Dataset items
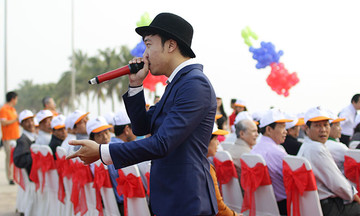 Beatboxer Thái Sơn khuấy động Ngày FPT vì cộng đồng
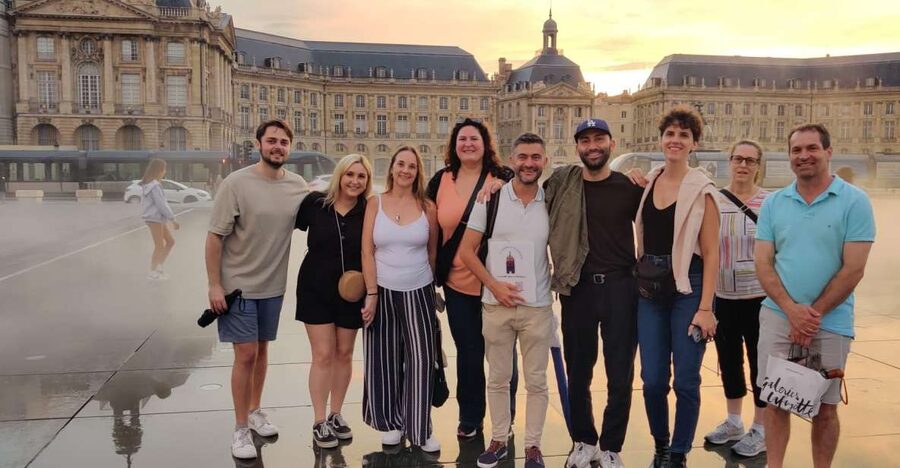Exclusive! Bordeaux: Nighttime Highlights Walking Tour - Meeting at the Fountain in the City Center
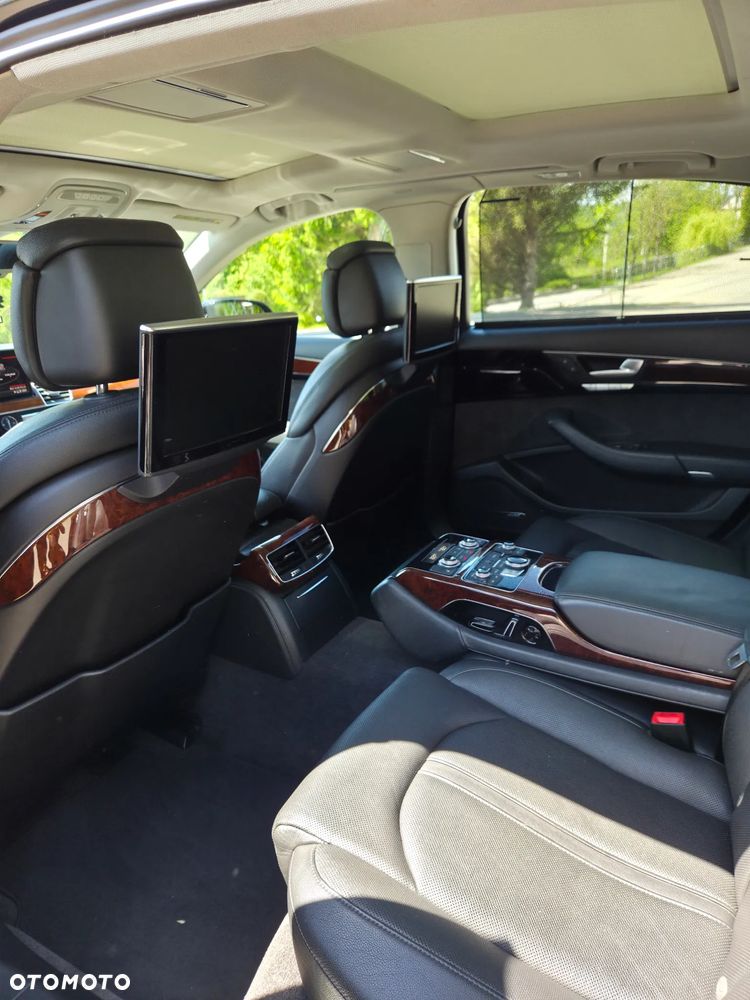 Audi A8 4.2 FSI L Quattro - 12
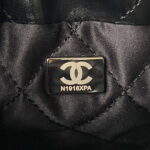 chanel as3980 22 mini handbag shiny calfskin silver tone metal black 009 luxibags.ru .jpg
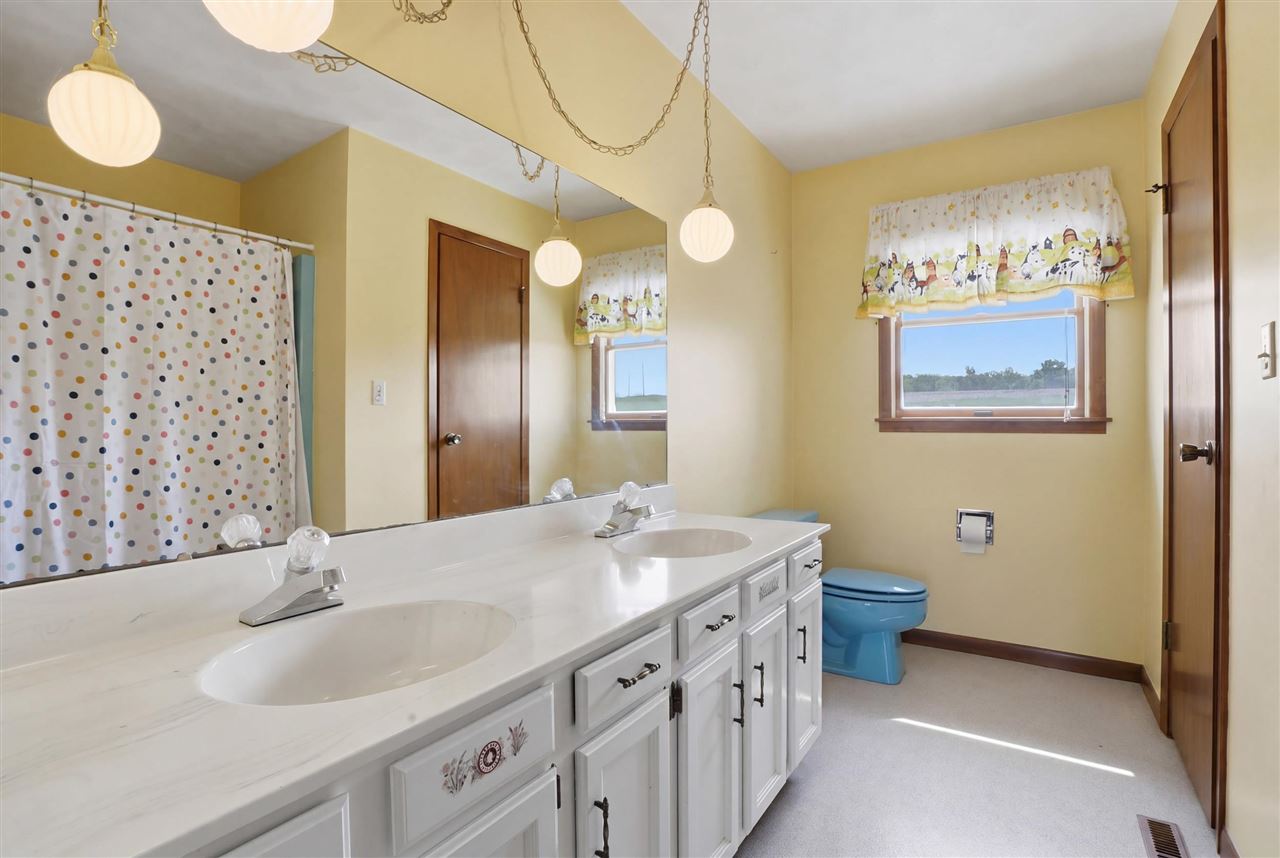1895 Underwood Avenue Ainsworth IA 52201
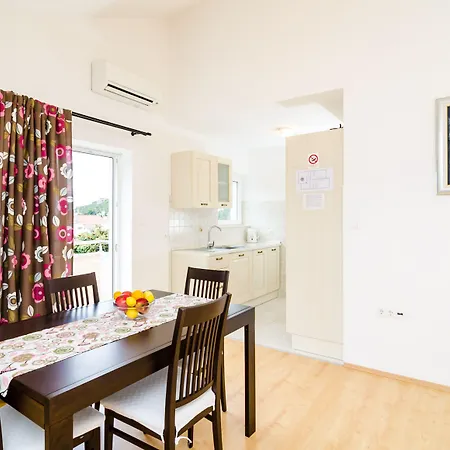 Апартаменты Relaxing Duplex A3, Close To The Sunset Near Dubrovnik, 2-4
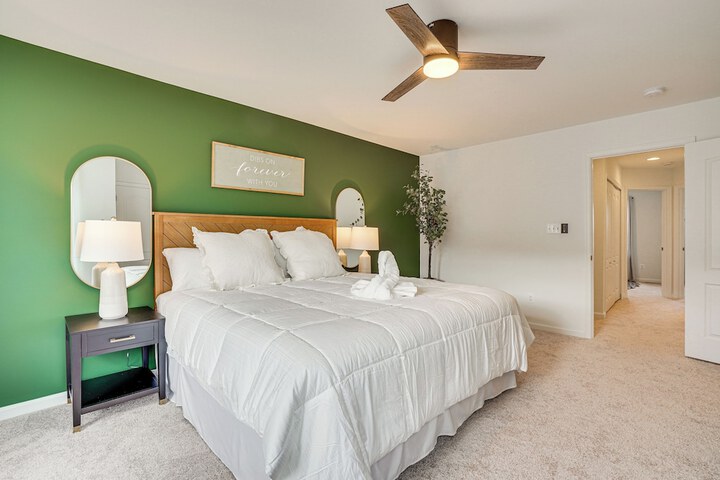 Great for Families! Townhome 9 Mi to Harpers Ferry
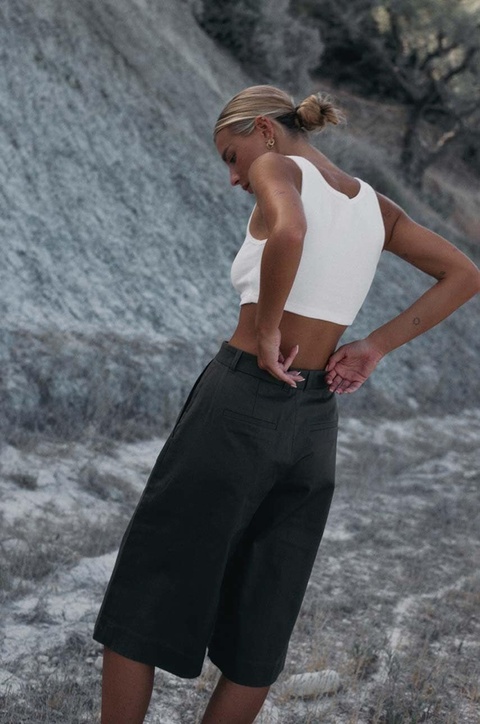 MUUV. szorty bawełniane PORTEUR kolor zielony gładkie high waist - zdjęcie produktu nr 1
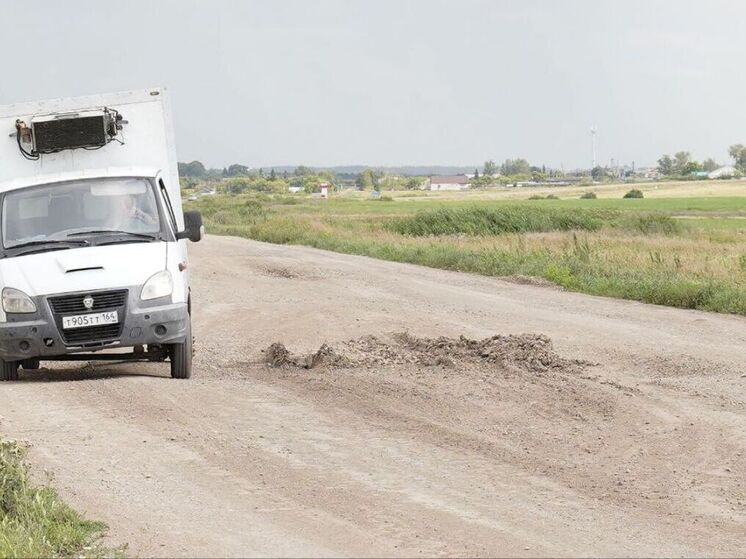 В Челябинской области комиссия проверила дорогу, разбитую грузовиками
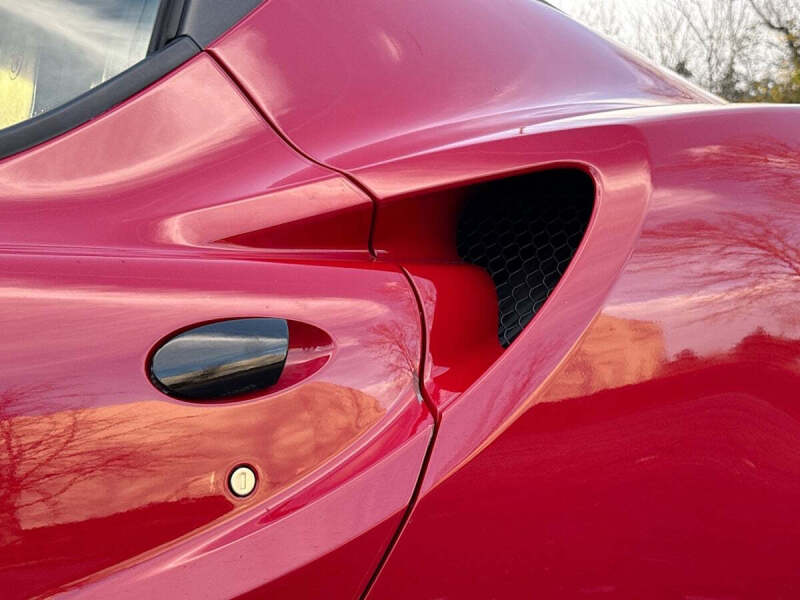 2015 Alfa Romeo 4C Launch Edition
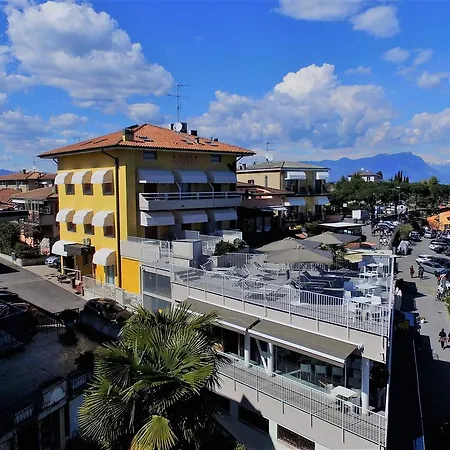 Ca' Serena Hotel 3*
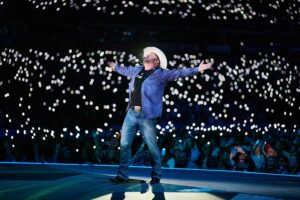 Garth Brooks Instagram - Thought nothing could be louder than Friday night
I was wrong!!!!
Holy Cow Music City!!!!!
THAT’S how you do it!!!!
I’m a FAN!!!!
love, g #GARTHinNASHVILLE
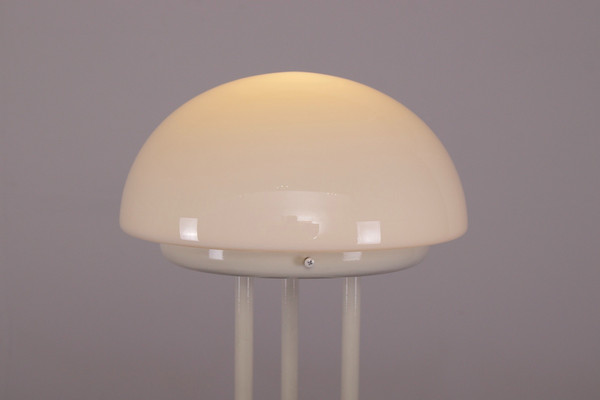 Tripod mushroom lamp, 1970's.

THE TASK:
Starting at the line above with "Exclusive! Bordeaux: Nighttime", output every line exactly up to and including the line with "Апартаменты Relaxing Duplex", but none of the pictures.

RESPONSE:
Exclusive! Bordeaux: Nighttime Highlights Walking Tour - Meeting at the Fountain in the City Center
 Audi A8 4.2 FSI L Quattro - 12
 chanel as3980 22 mini handbag shiny calfskin silver tone metal black 009 luxibags.ru .jpg
1895 Underwood Avenue Ainsworth IA 52201
 Апартаменты Relaxing Duplex A3, Close To The Sunset Near Dubrovnik, 2-4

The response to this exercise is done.